» **Records provided**:
_ _ _ _ _

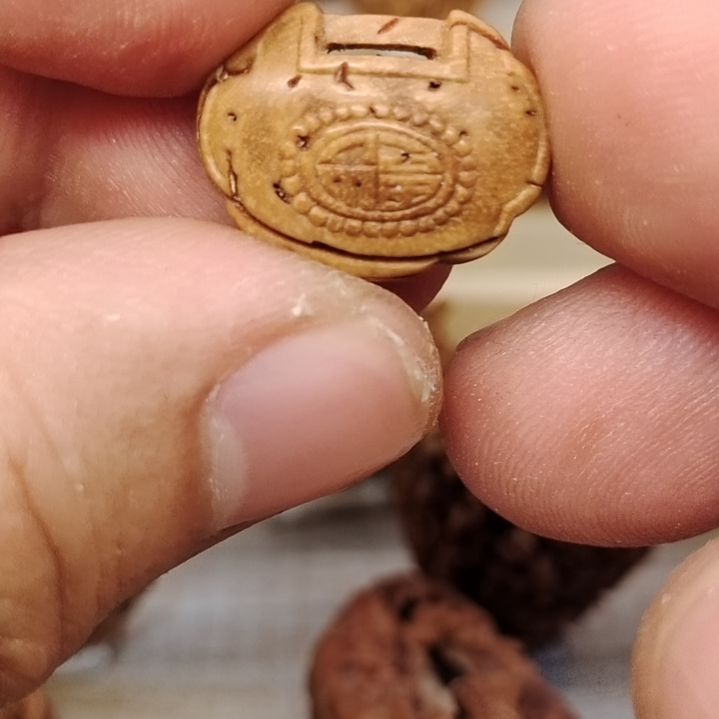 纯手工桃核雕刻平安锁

_ _ _ _ _

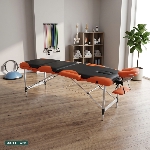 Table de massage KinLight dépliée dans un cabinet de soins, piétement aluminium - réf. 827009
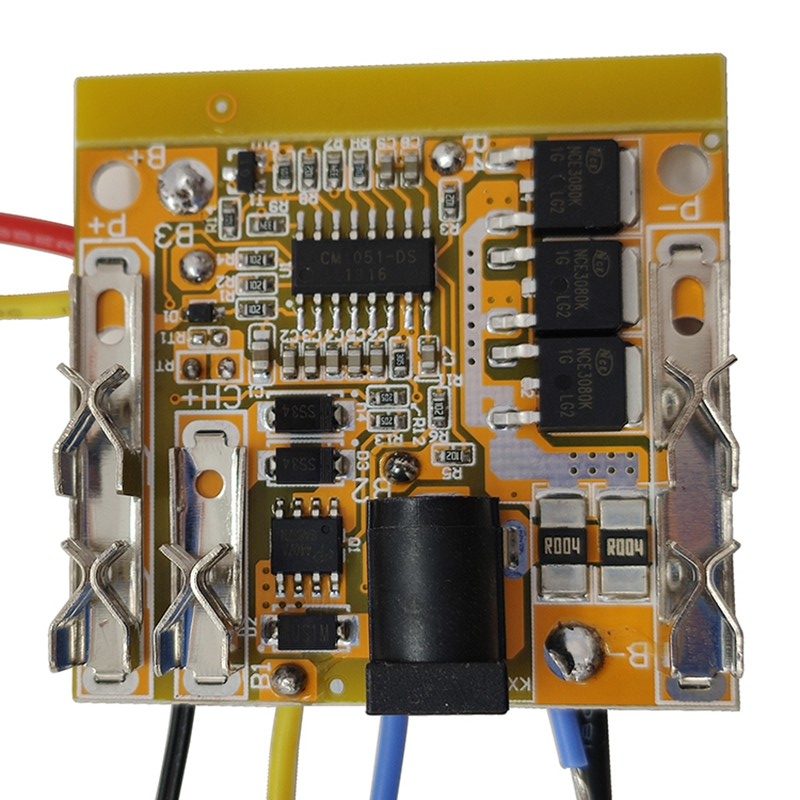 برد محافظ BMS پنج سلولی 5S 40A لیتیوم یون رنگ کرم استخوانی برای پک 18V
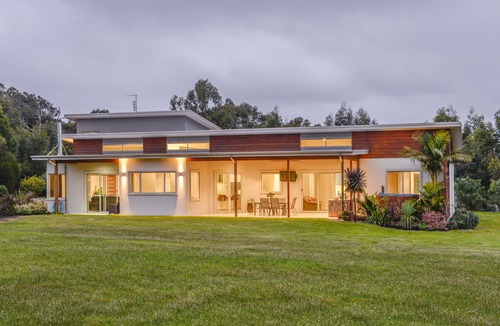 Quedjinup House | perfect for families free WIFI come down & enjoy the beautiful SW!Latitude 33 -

_ _ _ _ _

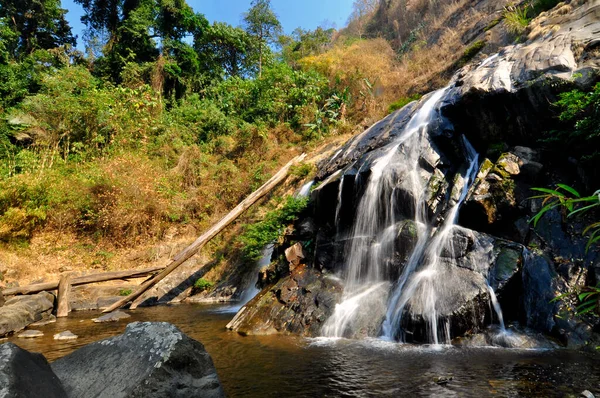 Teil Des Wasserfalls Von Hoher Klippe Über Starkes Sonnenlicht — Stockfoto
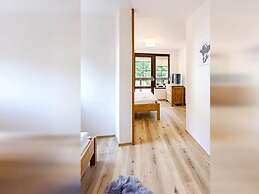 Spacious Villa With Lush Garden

_ _ _ _ _

» **Assignment**: Copy out the lines above from the line containing "Table de massage" through the line containing "Quedjinup House |", exactly, and keep the pictures out.

» **Response to the exercise**:
 Table de massage KinLight dépliée dans un cabinet de soins, piétement aluminium - réf. 827009
 برد محافظ BMS پنج سلولی 5S 40A لیتیوم یون رنگ کرم استخوانی برای پک 18V
 Quedjinup House | perfect for families free WIFI come down & enjoy the beautiful SW!Latitude 33 -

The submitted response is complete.